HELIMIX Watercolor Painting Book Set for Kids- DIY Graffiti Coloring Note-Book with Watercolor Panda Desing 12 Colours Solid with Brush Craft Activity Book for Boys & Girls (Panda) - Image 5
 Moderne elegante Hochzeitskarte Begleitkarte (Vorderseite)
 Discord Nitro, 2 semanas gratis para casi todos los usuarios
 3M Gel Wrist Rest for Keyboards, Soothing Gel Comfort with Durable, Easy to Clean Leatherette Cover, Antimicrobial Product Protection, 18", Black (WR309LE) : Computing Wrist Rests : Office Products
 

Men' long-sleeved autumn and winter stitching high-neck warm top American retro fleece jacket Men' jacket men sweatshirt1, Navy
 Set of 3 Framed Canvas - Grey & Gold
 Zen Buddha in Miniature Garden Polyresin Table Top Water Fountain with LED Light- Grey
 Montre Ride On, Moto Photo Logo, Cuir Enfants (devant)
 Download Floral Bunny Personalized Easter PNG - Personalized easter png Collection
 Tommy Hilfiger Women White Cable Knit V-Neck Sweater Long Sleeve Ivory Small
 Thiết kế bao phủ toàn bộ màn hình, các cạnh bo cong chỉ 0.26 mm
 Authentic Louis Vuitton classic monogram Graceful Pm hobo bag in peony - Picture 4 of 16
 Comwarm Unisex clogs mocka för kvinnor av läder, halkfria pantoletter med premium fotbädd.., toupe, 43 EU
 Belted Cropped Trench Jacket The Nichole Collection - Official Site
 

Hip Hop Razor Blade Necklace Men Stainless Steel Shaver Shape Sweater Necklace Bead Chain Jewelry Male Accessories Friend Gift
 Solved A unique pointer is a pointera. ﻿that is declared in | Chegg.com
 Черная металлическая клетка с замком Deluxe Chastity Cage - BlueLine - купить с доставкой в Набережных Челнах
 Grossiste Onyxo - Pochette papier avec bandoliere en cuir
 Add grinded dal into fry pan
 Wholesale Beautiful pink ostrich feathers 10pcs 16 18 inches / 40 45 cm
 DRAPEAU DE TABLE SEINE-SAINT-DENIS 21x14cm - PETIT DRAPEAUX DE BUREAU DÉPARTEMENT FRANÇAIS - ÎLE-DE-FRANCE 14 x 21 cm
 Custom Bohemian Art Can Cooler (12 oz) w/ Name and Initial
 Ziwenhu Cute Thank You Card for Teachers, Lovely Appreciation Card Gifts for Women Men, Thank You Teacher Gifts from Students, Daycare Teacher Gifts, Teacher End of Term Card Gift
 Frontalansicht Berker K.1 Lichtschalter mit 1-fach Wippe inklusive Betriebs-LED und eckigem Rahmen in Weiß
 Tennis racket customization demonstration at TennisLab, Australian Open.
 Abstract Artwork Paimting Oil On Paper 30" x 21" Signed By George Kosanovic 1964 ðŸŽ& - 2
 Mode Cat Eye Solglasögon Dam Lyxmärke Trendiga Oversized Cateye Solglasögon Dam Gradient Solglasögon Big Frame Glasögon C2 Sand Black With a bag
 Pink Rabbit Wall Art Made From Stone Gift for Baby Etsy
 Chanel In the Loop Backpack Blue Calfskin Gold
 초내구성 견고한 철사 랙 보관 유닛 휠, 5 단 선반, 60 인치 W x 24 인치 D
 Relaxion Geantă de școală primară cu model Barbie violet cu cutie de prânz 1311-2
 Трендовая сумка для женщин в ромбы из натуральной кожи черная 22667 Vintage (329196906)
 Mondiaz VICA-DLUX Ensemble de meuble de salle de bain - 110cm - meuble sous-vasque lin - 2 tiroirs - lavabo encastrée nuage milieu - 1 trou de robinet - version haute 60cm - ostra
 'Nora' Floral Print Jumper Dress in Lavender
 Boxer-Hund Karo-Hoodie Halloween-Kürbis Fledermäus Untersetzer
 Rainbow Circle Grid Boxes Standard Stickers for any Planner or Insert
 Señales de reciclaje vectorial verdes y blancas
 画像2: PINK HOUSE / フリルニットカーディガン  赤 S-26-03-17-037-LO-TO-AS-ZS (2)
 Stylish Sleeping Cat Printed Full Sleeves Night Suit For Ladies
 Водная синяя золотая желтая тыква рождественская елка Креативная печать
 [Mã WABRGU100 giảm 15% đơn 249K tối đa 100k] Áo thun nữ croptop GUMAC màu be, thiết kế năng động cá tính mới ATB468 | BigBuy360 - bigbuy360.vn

### [WHAT TO DO]
Search the data above for the string "Floral" and copy each line that has it.

### [EXPECTED ANSWER]
 Download Floral Bunny Personalized Easter PNG - Personalized easter png Collection
 'Nora' Floral Print Jumper Dress in Lavender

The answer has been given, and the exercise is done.